John Arden: Exactly!
Chris Martenson: So I feel like there’s—I mean you must run into this all the time that people have been acculturated to not want to do exactly what you’re suggesting they should do.
John Arden: Absolutely! And we still have huge numbers of psychotherapists out there that come out with these fancy degrees that help their clients avoid the triggers to anxiety. Well actually, what we call that is malpractice.
Chris Martenson: Yeah.
John Arden: That at some point we ought to be pulling the licenses from these people because actually what they’re doing is creating an anxiety disorder instead of helping a person get over an anxiety disorder. And so just as you say we've got to pill for everything now. And you don’t want to have any kind of discomfort. And isn’t it kind of amazing that we’re the country with the highest drug consumption level? I mean it's astounding.
Chris Martenson: Yeah. Absolutely. What I’d like to talk about now is this is getting to a core of something that we work with a lot is this idea that’s it's really going to be our reaction to the challenges that define how they impact us as much as the event itself. So one of the narratives, the stories that we tell is the USSR is a major economic super power and it collapsed, right? In 1989 it started to shred. And in the next eight years after that moment in Russia 54 percent of all deaths recorded were due to alcohol in some way, shape, or form. So it's a heavy drinking country, and they’re off the charts percentage wise normally, but 54 even by their standards is way off the charts. And what happened was interesting because people lived in government housing, they had government food, and nobody is under a bridge starving, right? But what happened was mainly middle-aged men lost their narrative that said "I provide and protect. I’m a pipefitter. I am something." And when they lost that job, instead of having the plasticity to say, "wow, look at all this free time. I shall do something new with my life that will be really exciting," they just—they numbed themselves out to death in essence using alcohol. So that’s reinforcing the idea that it wasn’t the collapse of the economy that hurt people as bad as their reaction to it.

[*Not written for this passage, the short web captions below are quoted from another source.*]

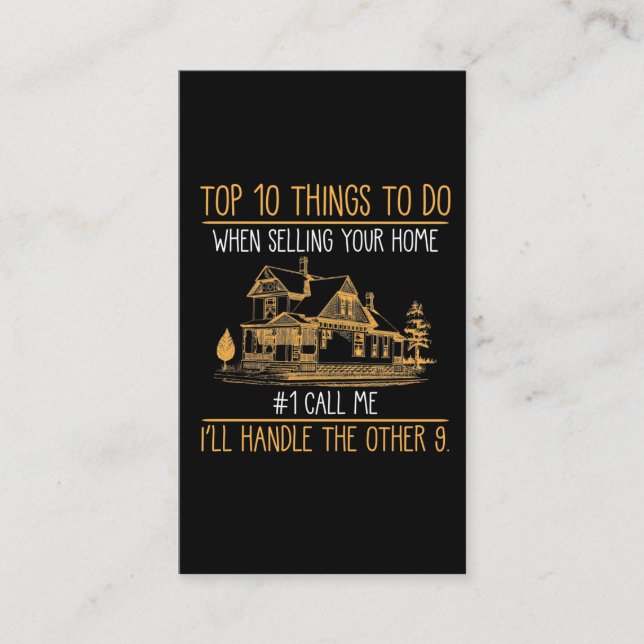 Cartão De Visita Agentes imobiliários Funny (Frente)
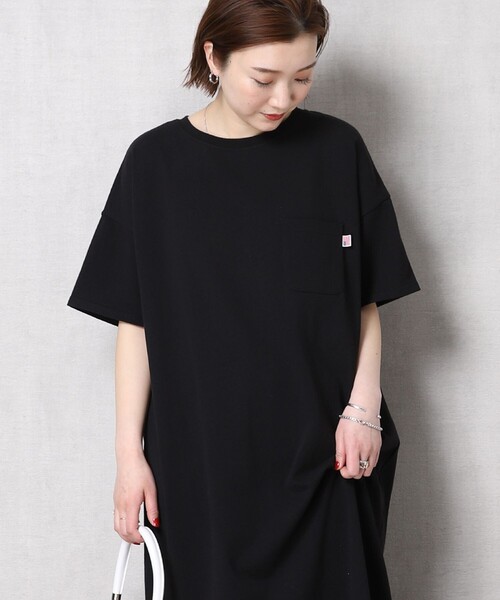 国内正規品 ワンピース Web限定 Usaコットン ロングtシャツワンピース カットワンピース 注目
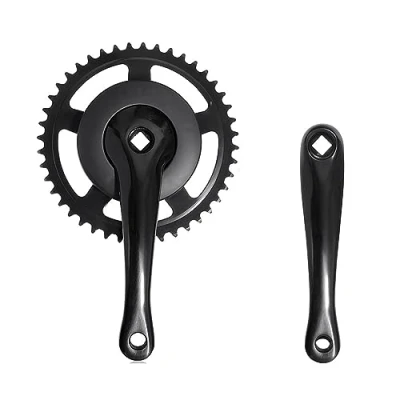 Image of FURREN Bicycle Crank Set Single Speed 44T Crankset Aluminum Alloy 170mm Cycling Parts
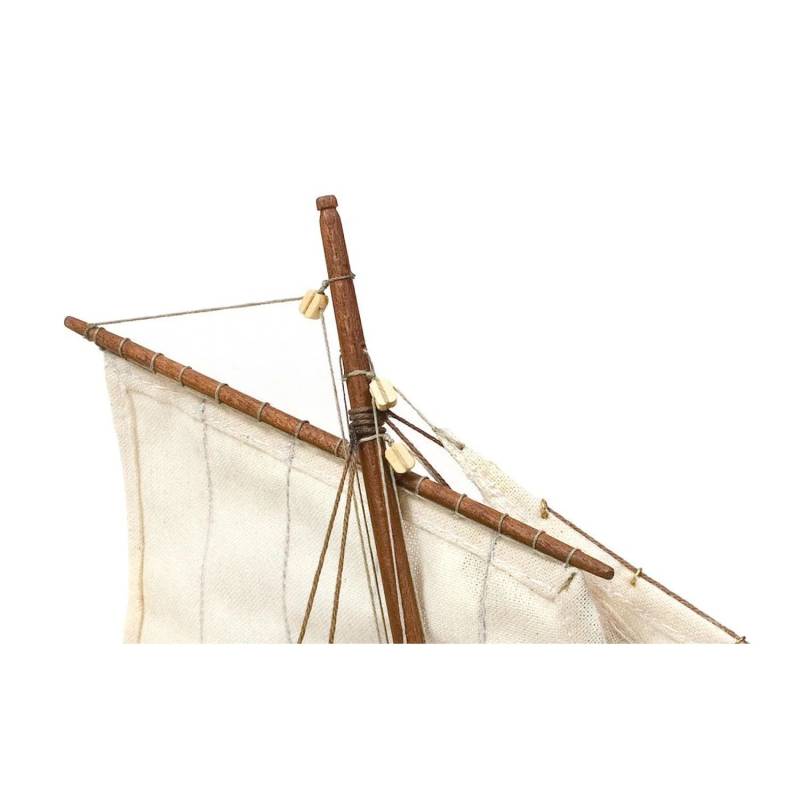 Maquette de la chaloupe du Bounty – 1/24 - Vue du sommet du mât - OCCRE 52003 - TecniModel
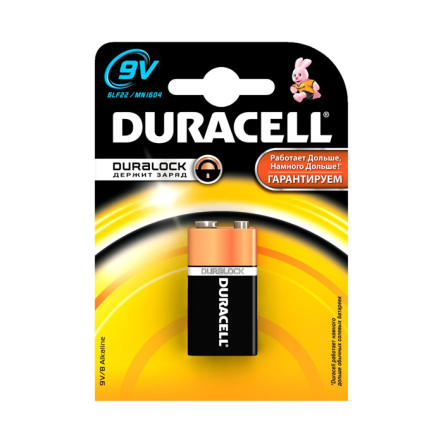 Батарейка Duracell 9V/MN 1604 крона - 1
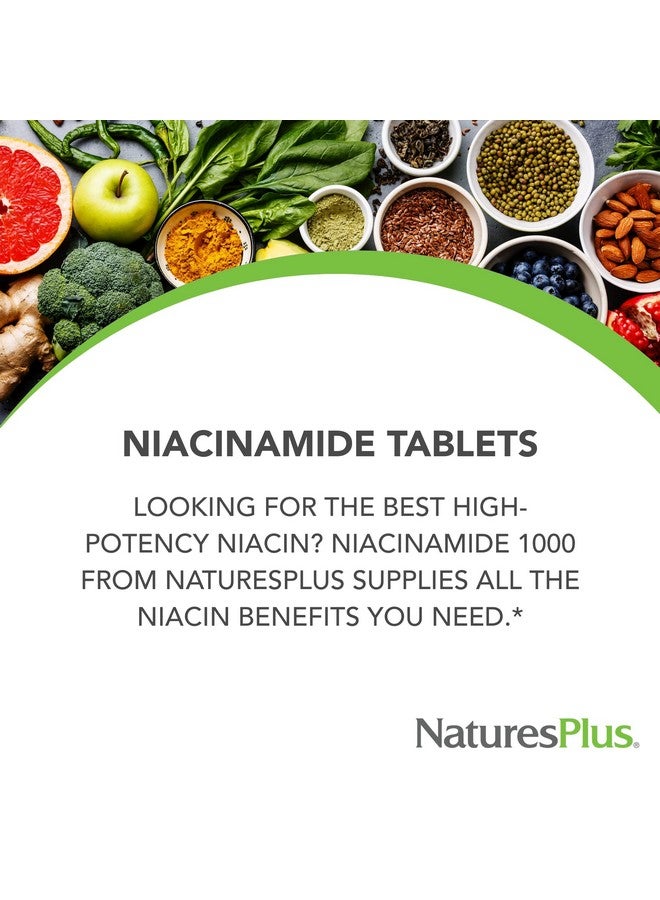 Nature's Plus Naturesplus Niacinamide 1000 Mg 90 Sustained Release Tablets Pack Of 2 Supports Immune & Skin Health Energy Production & Brain Function Vegetarian Gluten Free 180 Total Servings - Image 4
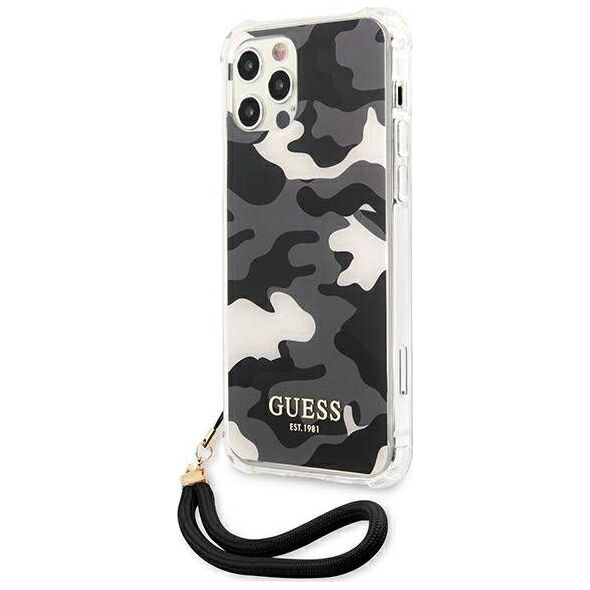 Guess Guess GUHCP12MKSARBK iPhone 12/12 Pro 6,1" czarny/black hardcase Camo Collection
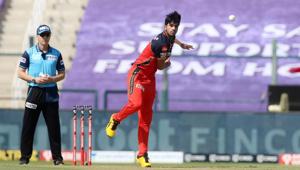 IPL 2020: Off-spinner Washington Sundar has a terrific release point, reckons Snehal Pradhan.(IPL/Twitter) IPL 2020: Off-spinner Washington Sundar has a terrific release point, reckons Snehal Pradhan.(IPL/Twitter)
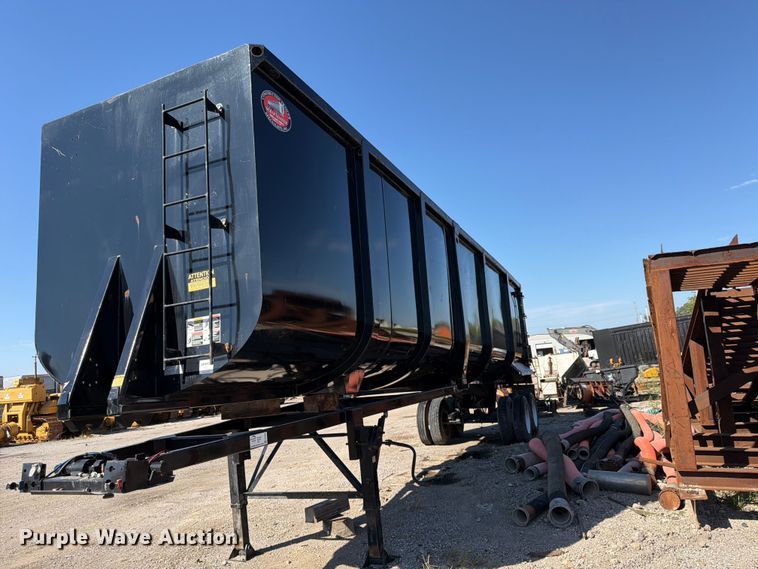 image for item FP4080 2023 Construction Trailer Specialists EHRD 40 end dump trailer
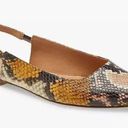 Madewell  The Margot Snake Embossed Slingback Leather  Flats Photo 0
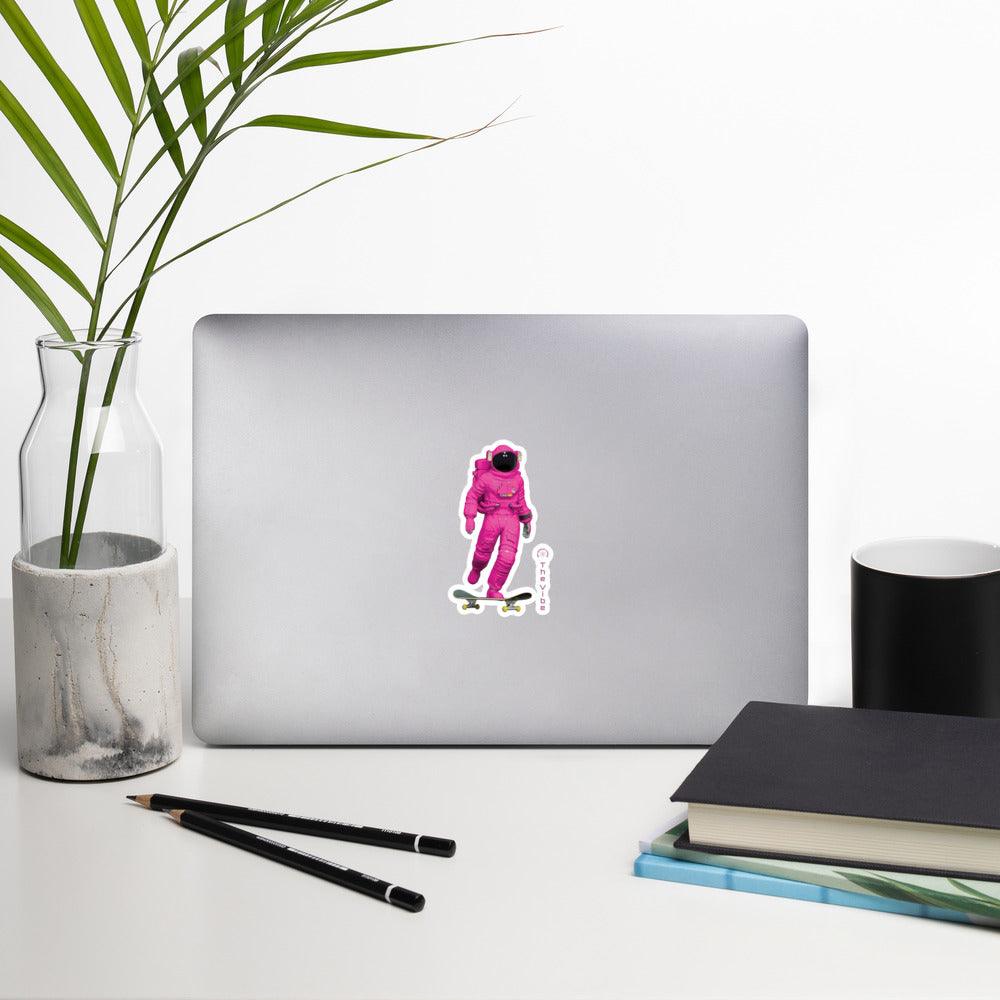 Billie Atoms The Vibe Series Pink Skate Stickers - Billions of Atoms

And it's our view at Peak Prosperity, we talk about how our reactions are really dictated by the beliefs that we hold, or the narrative. So if we find we’re holding onto unconstructed beliefs, how would you suggest people go about identifying them and then maybe replacing them with more useful ones?
John Arden: Well, boy, you described a pretty amazing sociopolitical adjustment that the then Soviet Union and now Russia have gone through. And by the way, the alcohol consumption during the Soviet Union was extraordinarily high as well. And so they’ve been having trouble for the longest while, but their adjustment has been pretty bad, big time. Well, let’s—if we could stay with the global and then we’ll get down to the personal if that’s okay. Let’s take climate change, for example.
Chris Martenson: Okay.
John Arden: Before we started the podcast you and I were talking about cognitive dissonance and some other factors. And denial is sometimes an effective way of adjusting to discomfort. But sometimes it creates so much havoc. And so down at the personal level—and I know that you and Adam are helping people understand the fluctuating economy and all that and there are a lot of people that are kind of in denial about it. It's better to not think about this kind of stuff they think. But unfortunately, it's to their peril.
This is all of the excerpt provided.